## WHAT TO PRODUCE
Task for the records below: please copy exactly, and only, the lines from the one containing "Profilbild von Marcus Wormeck" to the last line, both included, leaving out the pictures.

Captioned web image data:
--- START ---

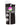 MadSportsStuff socks Crazy Socks with Diamonds Over the Calf  (multiple colors)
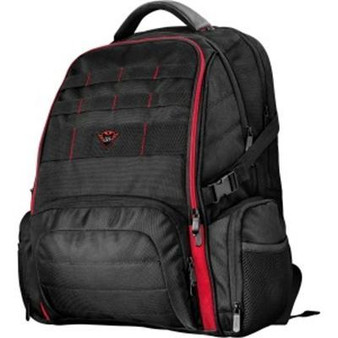 GXT 1250 Hunter Gmg Backpack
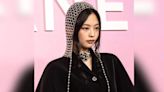 BLACKPINK’s Jennie caught smoking indoors in Italy; singer apologizes for vaping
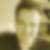 Profilbild von Marcus Wormeck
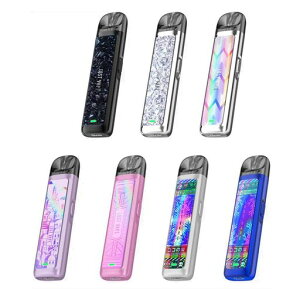 �yMTL�����z�d�q�^�o�RLostVapeUrsaNanoPodKitvape�y�V�F7�F�z�E���T�i�m�x�C�v�X�^�[�^�[�L�b�g�|�b�h�^800mAH�J�[�g���b�W�t�������C�^�o�R�ł񂵂��΂��R���p�N�g�[�d��KIT�։�����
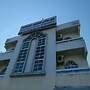 Khorfakkan Hotel Apartments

--- END ---

## RESULT
 Profilbild von Marcus Wormeck
 �yMTL�����z�d�q�^�o�RLostVapeUrsaNanoPodKitvape�y�V�F7�F�z�E���T�i�m�x�C�v�X�^�[�^�[�L�b�g�|�b�h�^800mAH�J�[�g���b�W�t�������C�^�o�R�ł񂵂��΂��R���p�N�g�[�d��KIT�։�����
 Khorfakkan Hotel Apartments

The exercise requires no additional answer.